BANQUE AFRICAINE DE DEVELOPPEMENT
Développer l’entrepreneuriat agricole et l’agrobusiness

 

Afin de mieux lutter contre le chômage, et améliorer le rendement agricole dans le pays, le ministère de l’Agriculture, de l’élevage, chargé du programme Graine, s’est donné les moyens de promouvoir l’entrepreneuriat agricole et l’agrobusiness au Gabon, avec le soutien de la Banque africaine de développement.

«L’objectif du gouvernement est de créer 30 000 emplois dans le cadre du Plan de relance de l’économie 2017-2019, et l’agriculture doit, dans ce contexte, apporter une contribution considérable», a affirmé le ministre de l’Agriculture, Biendi Maganga Moussavou, lors du lancement du projet d’appui technique à la stratégie de transformation de l’agriculture au Gabon.

Le projet est soutenu financièrement par la Banque africaine de développement(BAD) afin de répondre aux objectifs du gouvernement en ce qui concerne le secteur agricole.

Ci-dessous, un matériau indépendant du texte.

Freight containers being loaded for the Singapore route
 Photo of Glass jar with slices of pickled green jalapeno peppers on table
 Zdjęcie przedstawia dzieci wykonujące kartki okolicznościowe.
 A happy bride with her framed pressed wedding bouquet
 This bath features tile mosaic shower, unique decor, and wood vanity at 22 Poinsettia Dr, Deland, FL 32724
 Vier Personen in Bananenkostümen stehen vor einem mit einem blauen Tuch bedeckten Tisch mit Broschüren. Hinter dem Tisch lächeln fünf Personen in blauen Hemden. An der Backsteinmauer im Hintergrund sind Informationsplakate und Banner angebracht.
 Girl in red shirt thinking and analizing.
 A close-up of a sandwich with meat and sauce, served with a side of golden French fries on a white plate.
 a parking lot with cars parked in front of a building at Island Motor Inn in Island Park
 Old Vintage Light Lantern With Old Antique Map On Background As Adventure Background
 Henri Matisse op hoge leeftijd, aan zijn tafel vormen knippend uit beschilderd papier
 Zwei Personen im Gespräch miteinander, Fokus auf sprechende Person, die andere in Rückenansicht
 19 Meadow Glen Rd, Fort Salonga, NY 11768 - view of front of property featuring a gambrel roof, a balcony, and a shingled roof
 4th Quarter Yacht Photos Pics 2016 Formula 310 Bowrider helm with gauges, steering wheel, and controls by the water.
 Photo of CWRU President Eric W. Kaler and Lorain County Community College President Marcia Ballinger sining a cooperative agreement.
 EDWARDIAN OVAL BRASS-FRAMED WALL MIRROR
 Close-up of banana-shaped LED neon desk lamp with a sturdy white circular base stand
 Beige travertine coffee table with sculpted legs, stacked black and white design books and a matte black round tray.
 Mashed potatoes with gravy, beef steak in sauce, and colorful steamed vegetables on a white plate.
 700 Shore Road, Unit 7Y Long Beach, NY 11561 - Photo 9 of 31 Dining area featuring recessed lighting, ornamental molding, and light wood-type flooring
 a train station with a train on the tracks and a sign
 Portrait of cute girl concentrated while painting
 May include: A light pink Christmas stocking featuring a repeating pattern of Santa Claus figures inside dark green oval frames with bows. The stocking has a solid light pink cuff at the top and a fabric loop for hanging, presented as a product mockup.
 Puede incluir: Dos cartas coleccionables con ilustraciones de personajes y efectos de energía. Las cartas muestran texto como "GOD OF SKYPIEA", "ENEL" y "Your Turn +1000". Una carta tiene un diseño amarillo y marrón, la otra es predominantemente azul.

Surtout en termes de rendement, de création d’emplois et de sécurité alimentaire. «Le secteur agricole qui représente le plus grand potentiel en termes de diversification de l’économie et de création d’emplois, doit jouer un rôle moteur dans la lutte contre la pauvreté et la réduction du chômage chez les jeunes », a continué ainsi le ministre.

A noter que pour en assurer l’efficacité, le projet d’appui technique à la stratégie de transformation de l’agriculture comporte deux composantes. La première composante est axée sur la structuration de l’entrepreneuriat agricole des jeunes et la seconde sur la généralisation du programme Graine à l’ensemble des provinces du pays.

Ce genre d’initiative s’avère incontournable pour le Gabon qui continue d’importer massivement des denrées alimentaires pour les besoins de la population alors que son potentiel de développement agricole n’est pas encore suffisamment exploré.

« Cette approche développée par la BAD et le ministère de l’Agriculture, permettra au pays de garantir la sécurité alimentaire et d’améliorer l’autosuffisance en produits vivriers », a expliqué pour sa part, l’expert en stratégie agricole, Walid Belhadj Amor.